Beastie, I appreciate your reply, but my question was another. I did not express myself correctly.

The dangerously dedicated mode is for exclusive use of FreeBSD O.S. and disk utilities may not recognize and damage the disk.

Think of a DVD. Is it possible formatting an hard disk "like" a DVD to store data on it ? As you know not necessary a DVD has to be bootable.

Theorically speaking, filesystem and MBR are indipendent or depend each other ?
Can exist a filesystem without MBR ?

Thanks in advance.

Regards.


----------



## Beastie (Jan 6, 2018)

The difference between bootable media and non-bootable media is the bootloader chain, starting in the MBR (roughly the first 446 bytes out of the total 512 bytes that make up a sector).

So at the risk of repeating myself, I'll just restate the essential: if you don't need the chain, then don't install any of its components.

The only reason you need an MBR (or a more modern equivalent) is because the next 64 bytes constitute the partition table that describes the actual partitions (type, starting address, size).

Let's say a disk was bootable but you don't have an OS on it anymore, you could clear the first 446 bytes and you should still be able to store files. But you'd just be wasting your time clearing the code: the code part of the MBR does nothing on its own without a second stage bootloader in the boot slice and a third one in the boot partition and the loader and the kernel and at least a functioning basic OS.



vince66 said:


> Think of a DVD. Is it possible formatting an hard disk "like" a DVD to store data on it ? As you know not necessary a DVD has to be bootable.

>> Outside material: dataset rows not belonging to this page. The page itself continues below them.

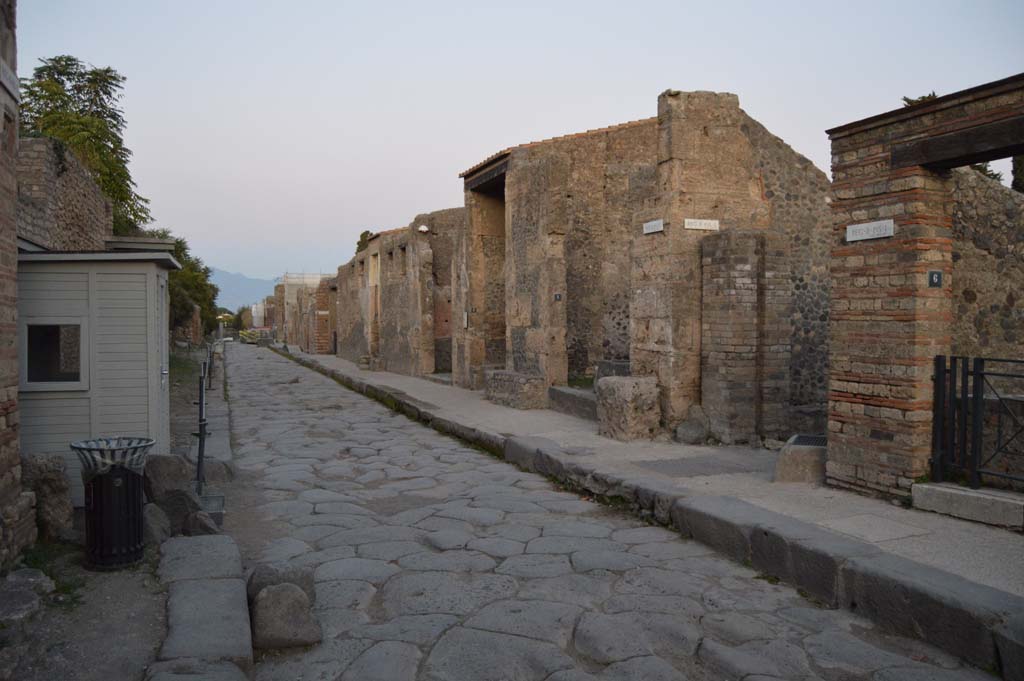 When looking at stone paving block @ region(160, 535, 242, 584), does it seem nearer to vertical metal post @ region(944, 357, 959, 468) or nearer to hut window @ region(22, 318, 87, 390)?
hut window @ region(22, 318, 87, 390)

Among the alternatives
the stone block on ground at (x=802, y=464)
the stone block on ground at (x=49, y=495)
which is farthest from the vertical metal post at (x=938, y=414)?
the stone block on ground at (x=49, y=495)

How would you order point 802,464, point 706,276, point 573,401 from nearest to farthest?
point 802,464
point 706,276
point 573,401

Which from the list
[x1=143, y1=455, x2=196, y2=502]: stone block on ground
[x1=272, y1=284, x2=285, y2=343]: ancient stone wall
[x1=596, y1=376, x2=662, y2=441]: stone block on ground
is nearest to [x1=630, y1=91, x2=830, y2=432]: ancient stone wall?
[x1=596, y1=376, x2=662, y2=441]: stone block on ground

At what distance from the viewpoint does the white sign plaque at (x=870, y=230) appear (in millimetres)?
5199

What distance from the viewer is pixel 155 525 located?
4.27m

Sure, with the commands I wrote above, that's exactly what you'd be doing. Try to boot such a disk and the BIOS will stop you in a matter of milliseconds with a "device is not bootable" error, or it happens there's actual code in the MBR but it's unable to find and load the rest of the chain so again, it stops right there.


----------



## SirDice (Jan 8, 2018)

Why do you think that creating a partition table implies making the disk bootable? They have nothing to do with each other. Well, sort of, you need to create some space for the boot sector, but that's about the only thing. It's perfectly fine to create a partition table and _not_ write the boot sector (or partition).

"Dangerously" dedicated refers to a disk _without_ a partition table (only BSD labels).


----------